Session: Making Inquiry-Based Learning a Reality
John Spencer
Inquiry-based learning sounds great, but how do we actually make it work when we have content to teach and limited time to do it? In this session, we explore tools and strategies to seamlessly integrate inquiry-based learning into your curriculum, while maintaining alignment with standards and incorporating best practices in assessment. Participants will explore the principles of inquiry-based learning, discover innovative ways to foster students’ curiosity and critical thinking, and learn effective assessment methods that both support student growth and meet educational objectives. Through interactive discussion, hands-on activities, and real-life examples, attendees will leave this workshop with an outline of an inquiry-based learning experience that encourages deeper learning.
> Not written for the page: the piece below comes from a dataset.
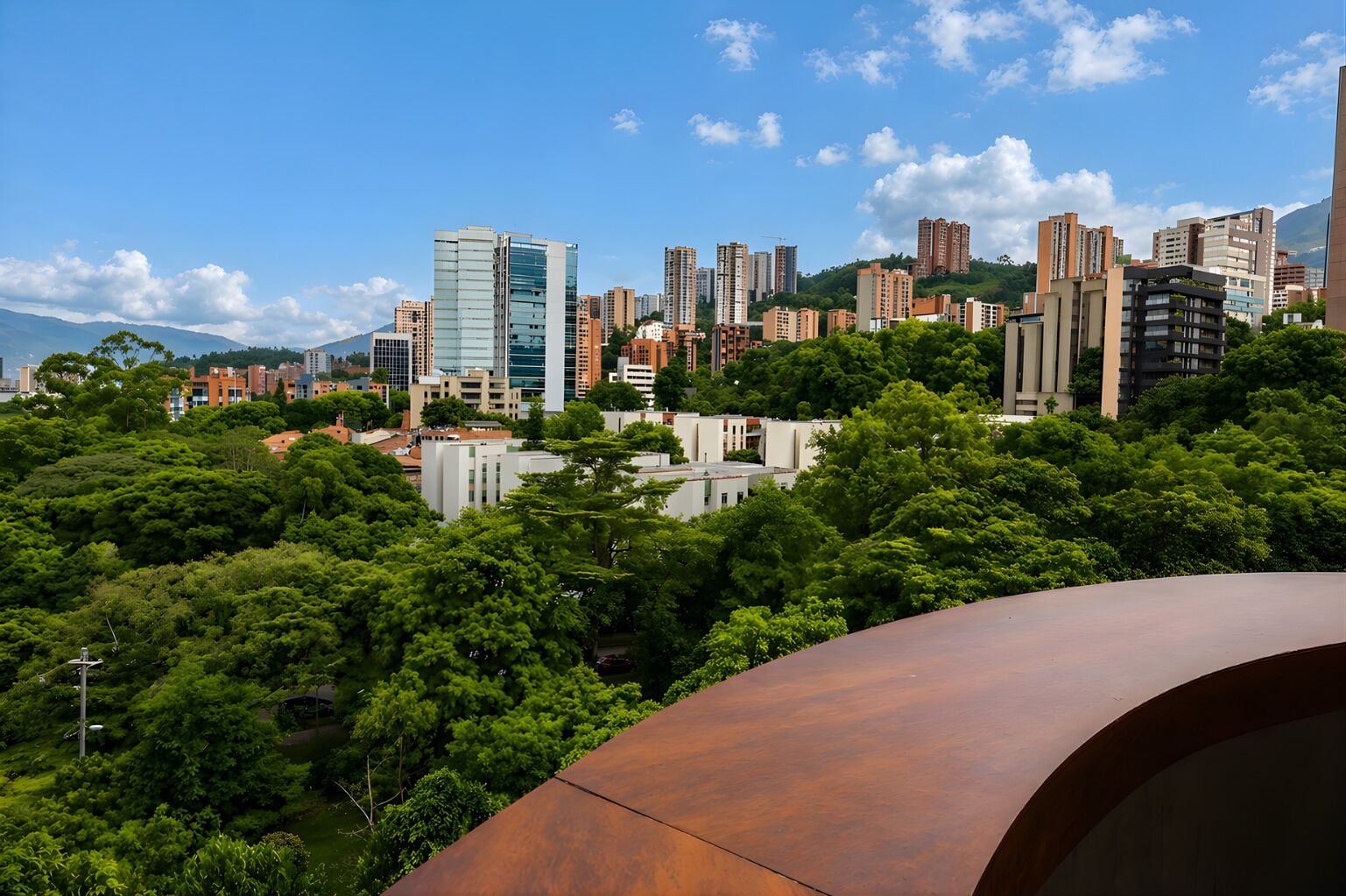 A cityscape with high-rise buildings, dense greenery, and a clear sky.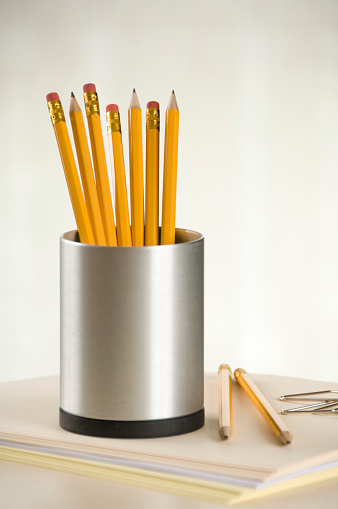 Pencils in a  pencil holder in a vertical composition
This workshop is geared toward early childhood, elementary, and middle school educators and educational leadership.
SPEAKER BIOS
Lynn Cuccaro
Founder and Principal Advisor of The Global Collaborative
Lynn Cuccaro is a global educator with extensive experience in educational leadership, strategic design, and professional learning. Invested in lifelong learning, she holds master’s degrees in curriculum and instruction as well as gifted education. As the founder of The Global Collaborative, Lynn’s passion is partnering with schools and organizations to build sustainable systems that push the possibilities of teaching and learning in the early years. For the last two decades, she has served as a play-based, inquiry advocate working in and with schools across the United States, Canada, South America, Europe, Asia, Africa, and the Middle East
Yvonne Liu-Constant
Practitioner Specialist at Pedagogy of Play through Harvard’s Project Zero
Yvonne Liu-Constant is the Practitioner Specialist at the Pedagogy of Play. She is an early childhood educator who loves teaching children as much as she loves working with teachers. Yvonne has taught children ages 3 to 8 at independent and public schools, as well as adults in undergraduate and graduate programs. Currently, she teaches at Boston Teacher Residency and Lesley University, where she was Associate Professor of Early Childhood Education.
Yvonne is trained as a cultural researcher, and she is fluent in Mandarin Chinese, Taiwanese, and English. She has published research comparing childrearing practices of Chinese immigrant and European American parents, and translated into English the Taiwanese children’s book Run, Little Hei Hei, Run. Yvonne is passionate about the integration of math, science, and the arts, and she is the founder of Mathful Play, a teacher collaborative that seeks to make math more playful and more mathful. She is co-author of The Footbook: Steps to Developing Numbersense in Young Children.
John Spencer
Author and Professor of Education at George Fox University
Hi, I’m John Spencer. I’m a former middle school teacher and current college professor on a quest to transform schools into bastions of creativity and wonder. I want to see teachers unleash the creative potential in all of their students so that kids can be makers, designers, artists, and engineers. I explore research, interview educators, deconstruct systems, and study real-world examples of design thinking in action. I share what I’m learning in books, blog posts, journal articles, free resources, animated videos, and podcasts.